-- Exercise goal --
Could you restate word for word only the lines below from the one holding "Kohls deals adidas sweater" to the one holding "toyota voxy 2018", inclusive, and leave out the pictures?

-- Extracted data --
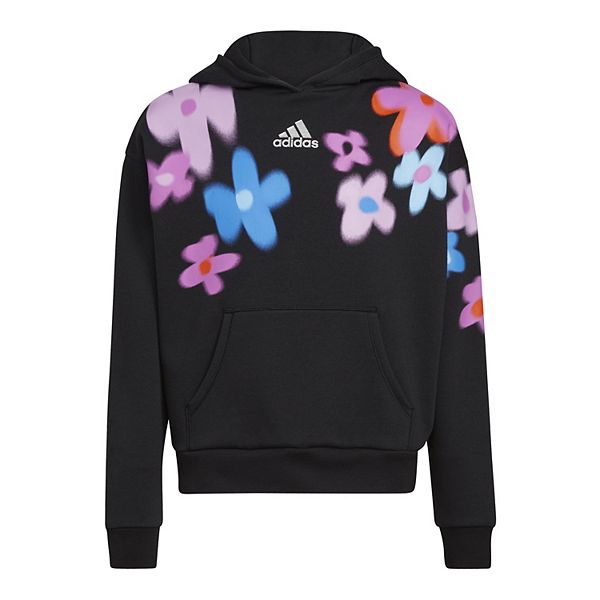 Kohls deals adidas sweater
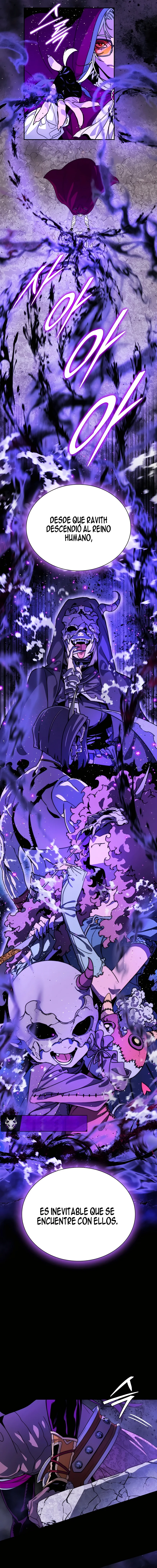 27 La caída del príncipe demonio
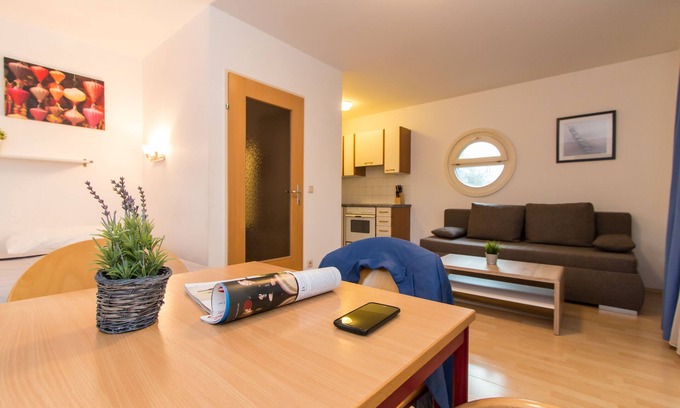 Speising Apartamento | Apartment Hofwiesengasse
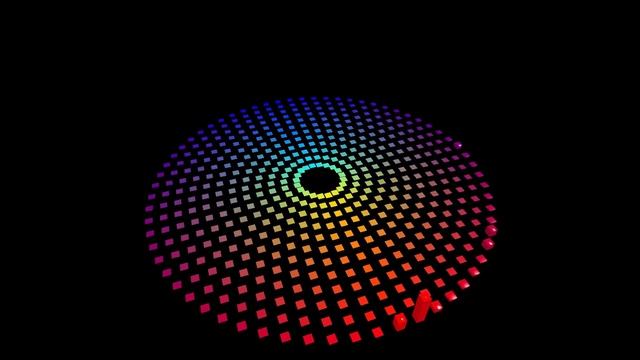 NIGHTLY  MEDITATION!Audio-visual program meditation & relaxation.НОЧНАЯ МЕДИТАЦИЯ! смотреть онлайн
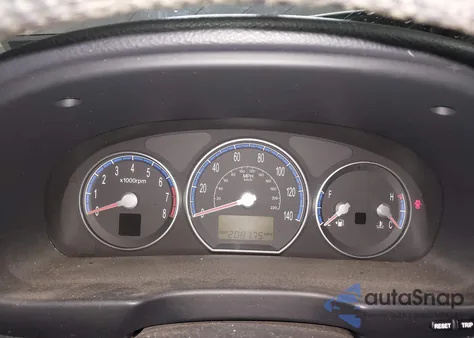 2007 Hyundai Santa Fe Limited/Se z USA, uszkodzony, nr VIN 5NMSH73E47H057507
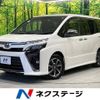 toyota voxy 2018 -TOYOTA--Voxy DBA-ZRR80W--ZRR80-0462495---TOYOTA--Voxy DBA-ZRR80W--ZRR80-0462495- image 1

...

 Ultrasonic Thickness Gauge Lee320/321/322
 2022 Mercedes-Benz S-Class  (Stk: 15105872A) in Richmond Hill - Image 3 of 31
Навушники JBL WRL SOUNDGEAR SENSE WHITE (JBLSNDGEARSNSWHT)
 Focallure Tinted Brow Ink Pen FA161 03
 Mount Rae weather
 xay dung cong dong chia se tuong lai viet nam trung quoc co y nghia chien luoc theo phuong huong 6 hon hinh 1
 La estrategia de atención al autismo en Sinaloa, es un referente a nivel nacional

-- Expected answer --
 Kohls deals adidas sweater
 27 La caída del príncipe demonio
 Speising Apartamento | Apartment Hofwiesengasse
 NIGHTLY  MEDITATION!Audio-visual program meditation & relaxation.НОЧНАЯ МЕДИТАЦИЯ! смотреть онлайн
 2007 Hyundai Santa Fe Limited/Se z USA, uszkodzony, nr VIN 5NMSH73E47H057507
 toyota voxy 2018 -TOYOTA--Voxy DBA-ZRR80W--ZRR80-0462495---TOYOTA--Voxy DBA-ZRR80W--ZRR80-0462495- image 1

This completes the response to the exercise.